The communities are more different than alike. What they have in
common is not uniquely Asian but can be found to some degree in
communities everywhere. In the Asian Smart21 Communities, however, we
find distilled a set of particular strengths, from which we all can
learn.
1. Mighty visions and massive plans. It
is common among Asian Intelligent Communities to develop ambitious
visions and to back them up with meticulous planning. Taoyuan County,
Taiwan is home to the nation's biggest airport, which serves the
capital, Taipei. The county's vision is to transform that asset into
an Aerotropolis, an information-driven ecosystem for trade, industry,
exhibitions, tourism and entertainment. Driving the transformation is
an ICT revolution in four stages: E-Taoyuan (for e-government),
M-Taoyuan (for mobile broadband services), U-Taoyuan (for ubiquitous
ICT in business and life) and I-Taoyuan (which ties to President Ma's
vision of making Taiwan an Intelligent Island.)
Taoyuan is a
county of 2 million people that is Taiwan's industrial heartland. But
the same emphasis on vision and planning is visible in Gold Coast City,
Australia, a county-size municipality that is home to a half million
residents and attracts more than 10 million tourists yearly. Fifteen
years ago, the City put into place a formal economic development
strategy overseen by a Regional Economic Advisory Committee. The plan
is updated annually to align it with other community development plans,
such as the Gold Coast Planning Scheme, Local Growth Management
Strategy, Activity Centre Strategy and Pacific Innovation Corridor
program - not to mention the Bold Future blueprint for the next three
decades. That is a lot of plans and schemes and blueprints. By the
standards of other parts of the world, it may seem like overkill. But
consistency, discipline and focus are powerful virtues, and these
communities seem to have them in abundance.
2. Large-scale public and private investment. Asian
communities tend to make big bets on physical infrastructure, from
building complexes to fiber networks. Suwon City in South Korea has
its own big vision (U-Happy) and multi-step meticulous plan. But
construction has a big role: the Gwanggyo Housing Development District,
which houses 150 high-tech companies; the Suwon Industrial Complexes,
with 1.2 million square meters of factory lands; the Suwon Venture
Center for high-tech start-ups, the Gyeonggy Regional Research Center,
Content Convergence Software Research Center and Auto Part &
Material Research Center. The government leads as planner and
investor, and businesses and universities pick up the rest. Nobody
appears interested in a quick profit: they are laying the foundation
for decades of growth.
In Ballarat, Victoria, Australia, the
focus is on the University of Ballarat Technology Park, which is key to
a plan to make the city of 90,000 an internationally recognized ICT
center. Public, private and university money have gone into
infrastructure, business attraction, incubation and training.

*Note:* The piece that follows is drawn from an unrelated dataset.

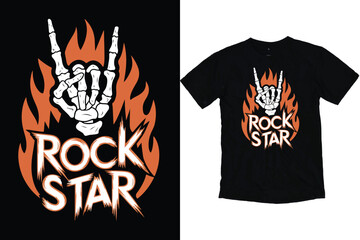 Rock Star T-Shirt, Skeleton Hand Metal Sign with Flames, Cool Music Band Tee vector art illustration.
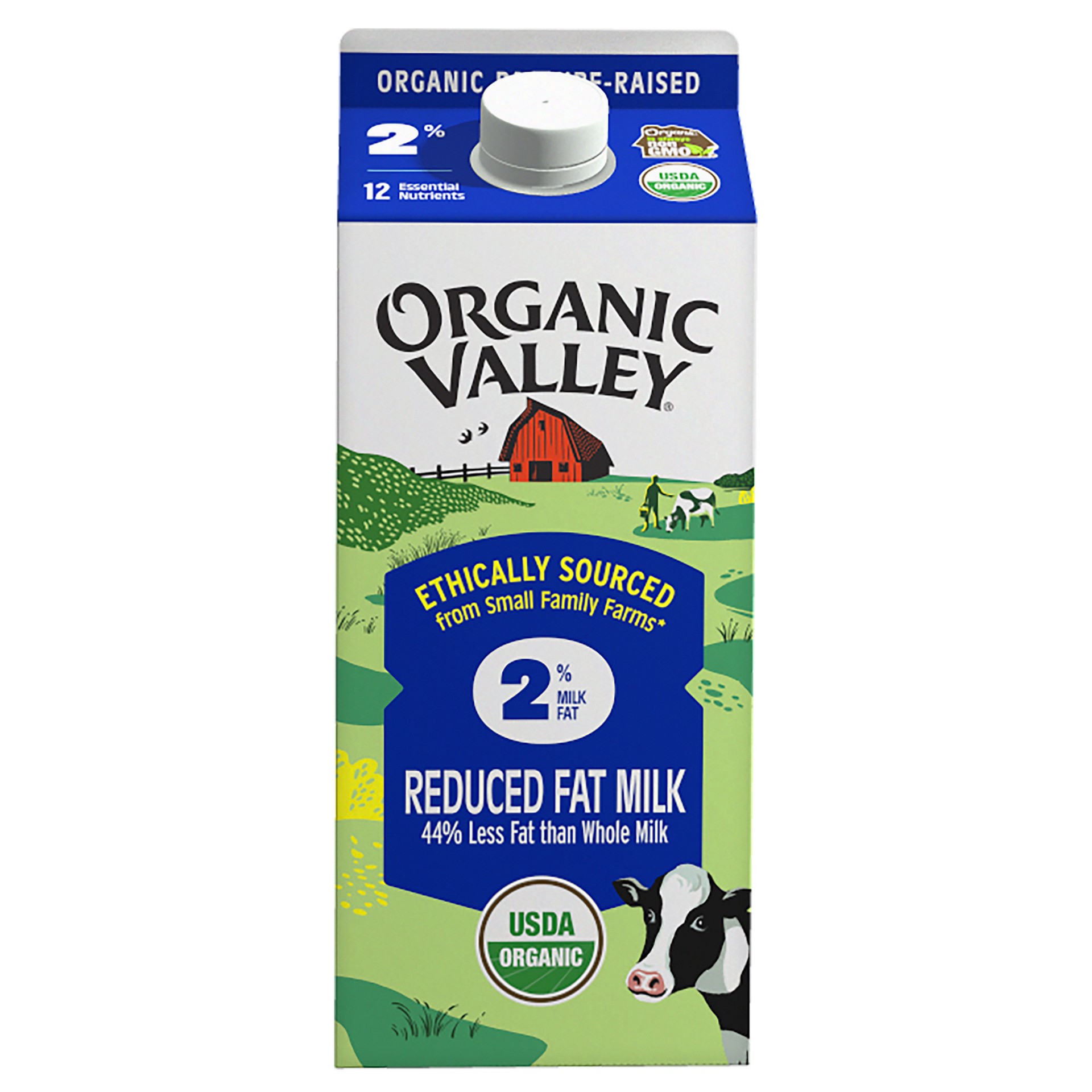 slide 1 of 11, ORGANIC VALLEY 2% (Reduced Fat) Organic Milk - Ultra Pasteurized, 64 oz, 64 oz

Meanwhile, the government of Australia is rolling out an A$43 billion
National Broadband Network offering up to 100 Mbps nationwide. Vendors
have lined up to profit from the wave of investment, but it is the
people of communities like Ballarat that will see the greatest return
in coming decades. Putting up buildings alone does not create
sustainable growth - just ask the US construction industry right now.
But properly integrated into a long-term strategy, it can have a
transformative impact.
3. Focus on education. The
Confucian cultures of Asia are famous for their devotion to learning,
and education figures prominently in the economic development
strategies of Asia's Intelligent Communities. None is more focused
than the Employment Services Card system of the Tianjin Binhai New
Area, home to 2 million people in Tianjin, China. Starting at
university, the card records student participation in career guidance
and internships. It qualifies students for entrepreneurship training
and mentoring, business subsidies, loans, social insurance subsidies
and other schemes. The government pays 70% of the minimum wage for
between 3 and 12 months after hiring and has set up a technology
transfer center to connect universities and businesses.
Inter-disciplinary teams of professors and students have solved many
technical problems for businesses in the New Area, from grape
cultivation and winemaking to wastewater treatment in papermaking.
All
of the Asian Smart21 put education, from primary through the "last
mile" to employment, at the center of their efforts. That's not unique
to Asia, any more than planning and investment. But the seriousness
with which the Asian Smart21 pursue these things is worthy of being
celebrated - and imitated - around the world.